You can watch the vid at RCP, but the gist of the White House’s usual putting-off is readily apparent in the same old-and-tired dialogue to which we’re all now quite jaded:
ED HENRY: On executive action, if the president wants to move quickly to create jobs why not take that pen today and approve the Keystone pipeline?
JAY CARNEY: Ed, as you know, as has been the practice for many years now of administrations of both parties, the reviews involved in an international pipeline like this, a pipeline that crosses an international boundary, are done or run by the State Department and that process continues at the State Department.
HENRY: But you would be involved in the decision. The State Department handles it, but they’ve had it on their desk, for what, two years?
CARNEY: Well, what the president is doing is what his predecessors did, presidents of both parties, which is allowing the State Department to oversee a process where this pipeline is evaluated and when that process is done I’m sure we’ll be made aware of it. But what the president believes is that it’s important to maintain a process that was devised, again, and utilized by White Houses of both parties in order to assure that the right decision is made.
And etcetera, but most unfortunately for the administration, the issue is quickly turning into a bona fide campaign issue, and who knows if that kind of blather will be enough to keep it at arm’s length through the midterms.

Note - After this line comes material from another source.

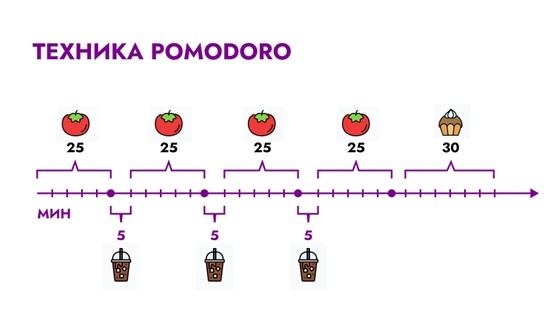 -1-3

Senate Minority Leader Mitch McConnell mentioned it on Sunday as a possible issue with which the GOP would be prepared to pass a debt-ceiling hike (the better to highlight the vulnerability of a certain handful of red-state Senate Democrats up for election), and the greens, unsurprisingly, are determined to carry on with their woefully misguided campaign against it:
Green groups hope to get President Obama’s attention by parading a giant inflatable pipeline around the Capitol Tuesday before his State of the Union address.
It’s the latest push by environmental groups, including 350.org and the National Wildlife Federation, to persuade Obama to reject the controversial Keystone XL pipeline, which would carry oil sands from Canada to Gulf Coast refineries.
The 100-yard inflatable pipeline will have the message “Climate Champion or Pipeline President” scrolled across it.
“President Obama has all the information he needs to reject Keystone XL and he should do so in the State of the Union,” the groups said in a statement on Monday.